Patrimoine.
Une récente découverte en France vient de révéler que le
fard des anciens Egyptiens, en plus de son caractère
esthétique, avait des vertus thérapeutiques jusqu’ici peu
connues. Retour sur la valeur religieuse, symbolique et
amoureuse des yeux.
Les
yeux « parlants » de l’Egyptienne
L’Egypte
des pharaons fait toujours parler d’elle même. Elle n’est
pas ancienne, elle reste contemporaine. Non seulement par
ses trésors et ses mystères, mais aussi par des questions
qui peuvent intéresser le quotidien. A titre d’exemple, une
récente révélation faite en France et qui paraît bien
passionnante : le maquillage des yeux de l’ancienne Egypte,
outre son effet esthétique, avait des vertus médicinales, ce
que viennent d’élucider des chimistes français. Et d’ajouter,
selon l’AFP qui a donné l’information : « Les anciens
Egyptiens utilisaient souvent, il y a 4 000 ans, un soupçon
de plomb afin de concevoir des fards pour embellir le
regard, dont les médecins grecs et romains soulignaient les
vertus pour les yeux. De nos jours, le plomb est davantage
connu pour sa toxicité potentielle, et cet usage cosmétique
surprend ». Mais voilà que ce sont nos ancêtres qui avaient
raison. Ainsi, l’équipe scientifique coordonnée par
Christian Amatore, regroupant des chercheurs du CNRS, de
l’Université Pierre et Marie Curie (Paris) et de l’Ecole
normale supérieure, en collaboration avec le Centre de
recherche et de restauration des musées de France (CNRS/ministère
de la Culture), ont évalué l’impact de très faibles
quantités de plomb sur une cellule de la peau. Résultat : à
très faibles doses, le plomb ne tue pas la cellule. Il
induit la production dans l’organisme d’une molécule, le
monoxyde d’azote, connue pour activer le système immunitaire.
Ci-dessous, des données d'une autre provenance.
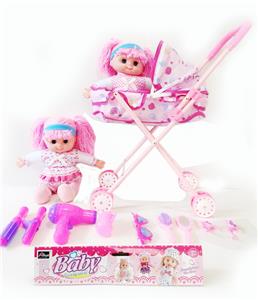 Babystroller - OBL10010383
L’application de ces fards à base de plomb peut donc
déclencher un mécanisme de défense qui, en cas d’infection
des yeux, limite la prolifération des bactéries, selon ces
travaux qui viennent d’être publiés en ligne dans la revue
spécialisée Analytical Chemistry du 15 janvier. Pour la
démonstration, les chercheurs se sont servis de la
laurionite, un chlorure de plomb qui figure parmi les sels
synthétisés par les anciens Egyptiens, pour observer son
action sur une cellule isolée de la peau à l’aide d’un outil
miniature électrochimique moderne, les ultramicroélectrodes.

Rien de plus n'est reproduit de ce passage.